El gran atractivo del aforado
En los últimos tiempos nuestra crónica procesal penal tiene un indiscutible protagonista: el aforado. Con este término se designa a aquel político, parlamentario, miembro del Poder Judicial o miembro de determinadas instituciones como el Tribunal de Cuentas, el Consejo de Estado y el Defensor del Pueblo, cuya eventual responsabilidad, ya sea de origen civil o penal, se va a ver sujeta a reglas procedimentales y ventajas (como declarar por escrito o desde el propio despacho oficial) distintas de las que operan para los ciudadanos de a pie.
En Europa, el origen y fundamento del instituto legal del aforamiento, hay que buscarlo en el Estado Liberal que surge con la Revolución Francesa que proclamó la inviolabilidad y la inmunidad parlamentarias, como mecanismo de protección a la libertad de expresión de los parlamentarios y políticos. La figura se importó en 1810 quedando incorporada en 1812 a nuestra Constitución, manteniéndose en las que la sucedieron, llegando así hasta la actual, de 1978.
Así, el aforado se va a someter a un procedimiento dirigido por un tribunal distinto del que correspondería al investigado “común” (imputado, en la terminología anterior a la reciente reforma de nuestra Ley de Enjuiciamiento Criminal). En el caso de los aforados de corte estatal, será la Sala de lo Penal del Tribunal Supremo y para los aforados autonómicos, la Sala de lo Civil y Penal del correspondiente Tribunal Superior de Justicia. El atractivo del aforado es tal que determina que cuando en un procedimiento que se sigue ante un investigado sin tal distinción, se detecta la posibilidad de la intervención presuntamente delictiva del aforado, este arrastre a aquel a su tribunal.
La cuestión tiene su aquel. Básicamente porque la institución se presta a generar situaciones que mal se compadecen con la igualdad de todos ante la ley y los principios rectores del proceso penal, muy especialmente, aquellos que tienen que ver con la búsqueda de la verdad material y las garantías que deben rodear al investigado. Situaciones que generan una incomprensión social acerca de la institución del aforamiento, del aforado y de la propia justicia.
Es una ley máxima que el Juez Instructor, tan pronto detecta la posible intervención de una persona en la comisión del hecho delictivo que investiga, tiene que darle cuenta del mismo y permitirle la entrada en el procedimiento, para que participe en la investigación, en uso de su derecho fundamental de defensa. De otra parte, tengamos presente que cuando se detecta que dicha intervención puede venir de un aforado, el Instructor debe dirigirse al Tribunal de aforamiento para que examine si resulta procedente la asunción o declaración de su propia competencia y, a partir de ahí, para el caso de que sí la declare, ponga en marcha los pasos oportunos para que ello se materialice en la incoación de un procedimiento.

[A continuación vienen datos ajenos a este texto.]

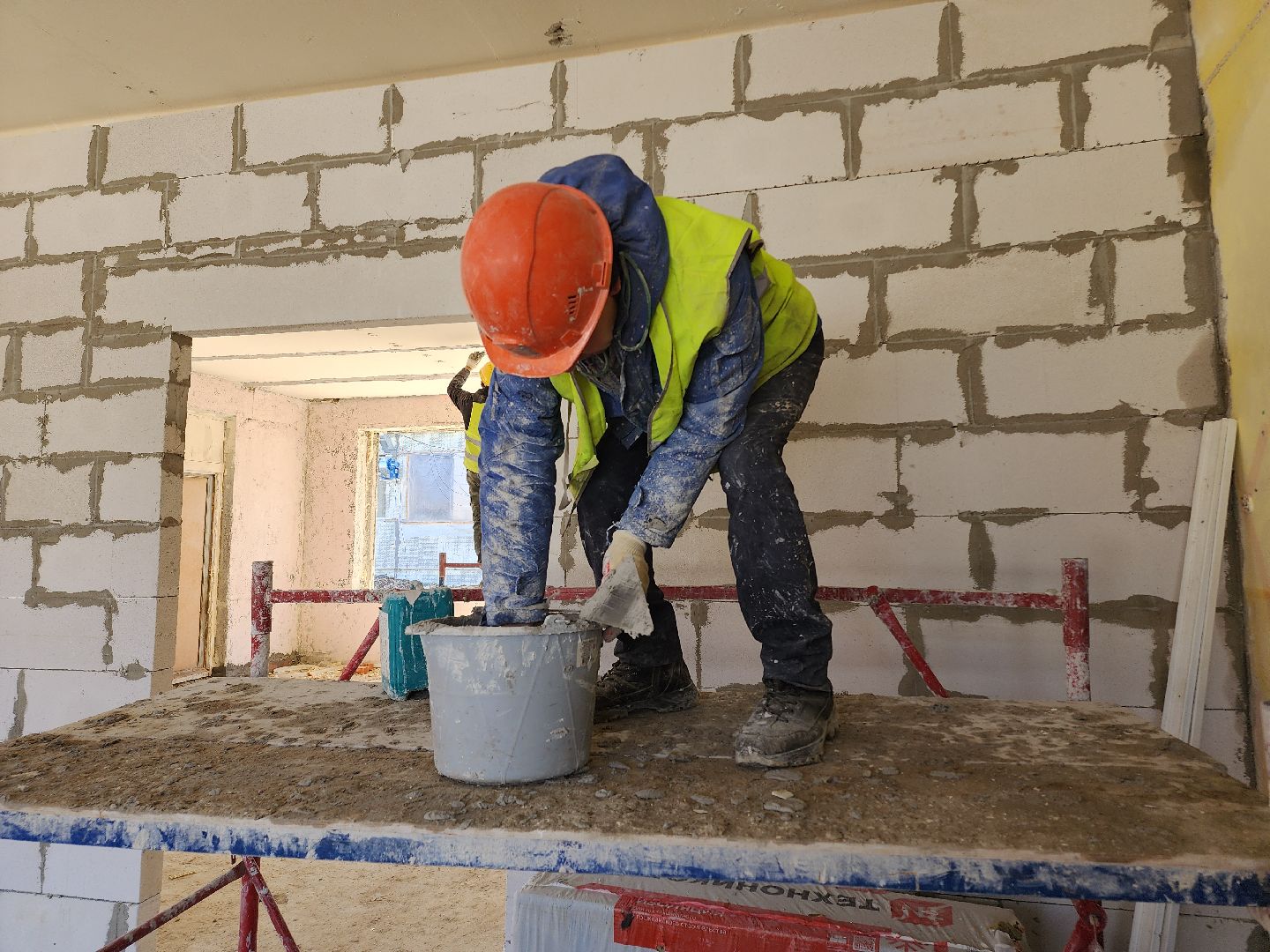 Егорьевск , Подмосковье , Московская область ,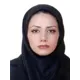 دکتر سانازسادات متولی ابیازنی
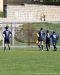 cassano_soccer-montalto-PlayOff-167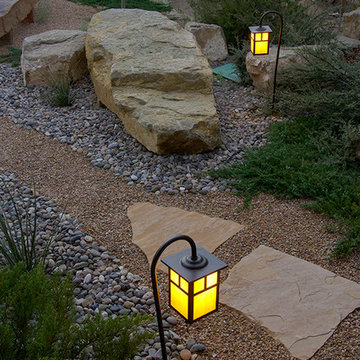 Lighting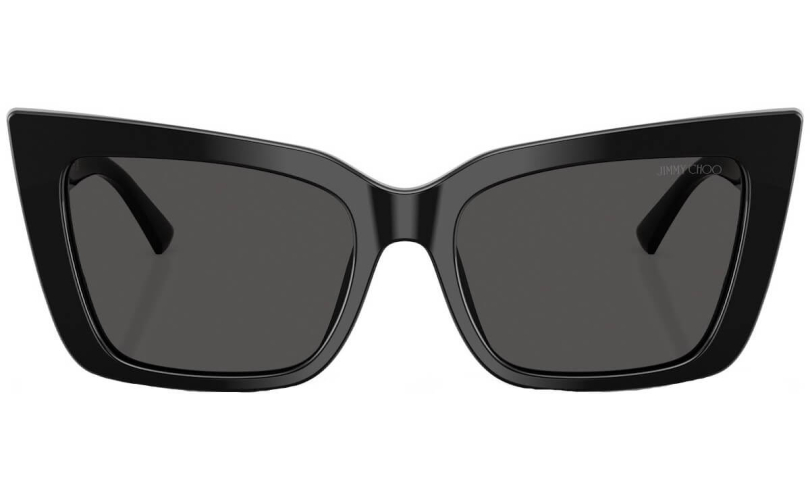 JIMMY CHOO JC5041 - 500087 - 3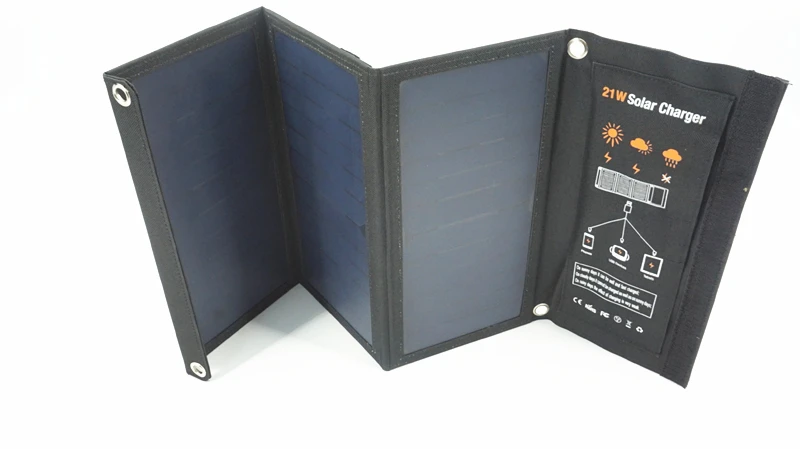 Células solares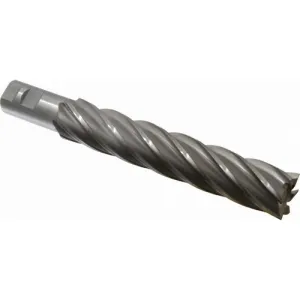 Product image for 5576200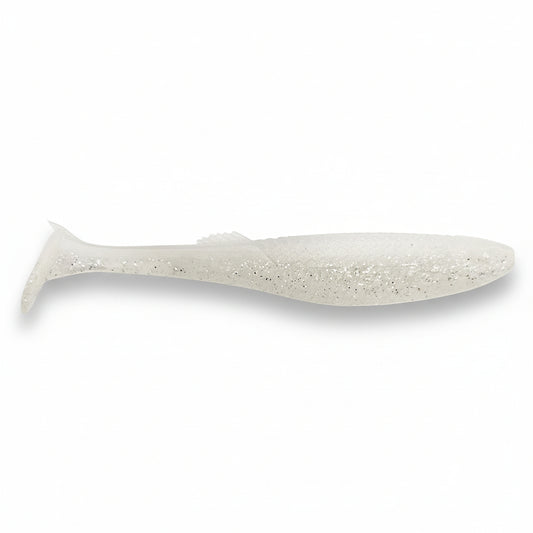 RAPALA CRUSHCITY PLASZTIK CSALI THE KICKMAN 10CM 7DB STF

Pensemos ahora en cuántas veces, se suscitan aforamientos en procedimientos cuyo objeto lo constituyen delitos que nada tienen que ver con la libertad de expresión del aforado que, recordemos, está en el origen de la institución. Se trata de procedimientos por delitos de prevaricación, cohecho, tráfico de influencias, delitos de corte económico que en nada afectan a esa libertad de expresión. Será el aforado el que, en un intento de garantizarse cierta impunidad, no renuncie a su condición institucional y ponga difícil la prosecución de una causa judicial pues, obviamente, los trámites procedimentales que implica el aforamiento no son sencillos ni rápidos, pudiendo dar pie a que un Instructor falto de empuje, desista de poner en marcha los trámites especiales propios del aforamiento.
Y es que esta es precisamente la crítica predominante hacia el aforamiento. Sus motivaciones, ajenas en muchos casos a la protección objetiva de la condición institucional de la persona implicada, se pueden alzar como obstáculos para el cumplimiento del fin esencial del proceso. De ahí que en los últimos tiempos, obviamente al compás del escenario político que vivimos, se abogue por una reducción y reforma de la figura que tienda hacia una absoluta excepcionalidad, acorde con los valores superiores de justicia e igualdad que proclama nuestra constitución en su artículo primero.